RECORDED INFORMATION
#####

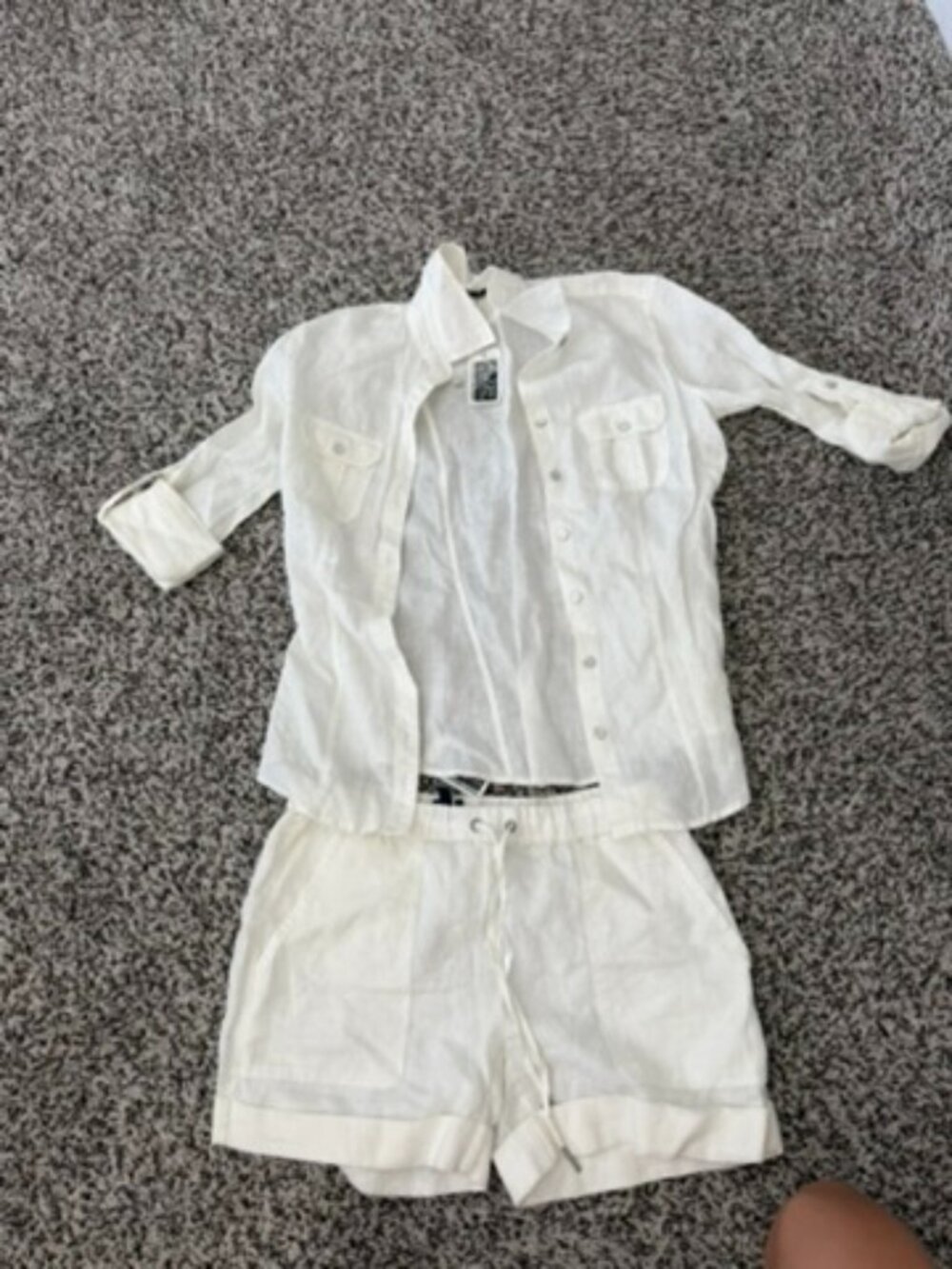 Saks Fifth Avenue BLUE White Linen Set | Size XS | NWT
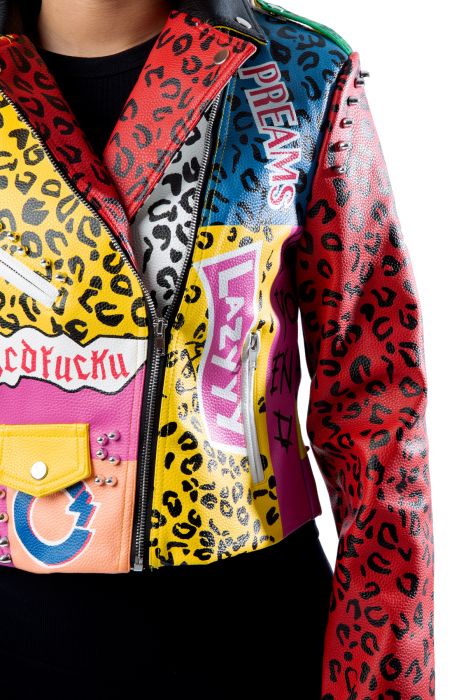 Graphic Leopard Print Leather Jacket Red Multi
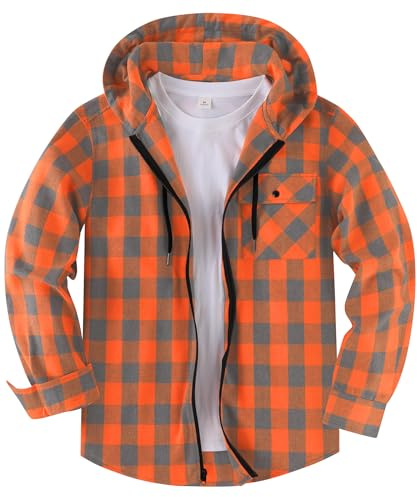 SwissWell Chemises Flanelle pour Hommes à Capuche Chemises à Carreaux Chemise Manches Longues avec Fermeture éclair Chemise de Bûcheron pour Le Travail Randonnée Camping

#####

WORK REQUIRED
Pictures are not part of the answer, which must be the exact lines from the one holding "Graphic Leopard Print" through the end of the material, both ends included.

ANSWER TO THIS TASK
 Graphic Leopard Print Leather Jacket Red Multi
 SwissWell Chemises Flanelle pour Hommes à Capuche Chemises à Carreaux Chemise Manches Longues avec Fermeture éclair Chemise de Bûcheron pour Le Travail Randonnée Camping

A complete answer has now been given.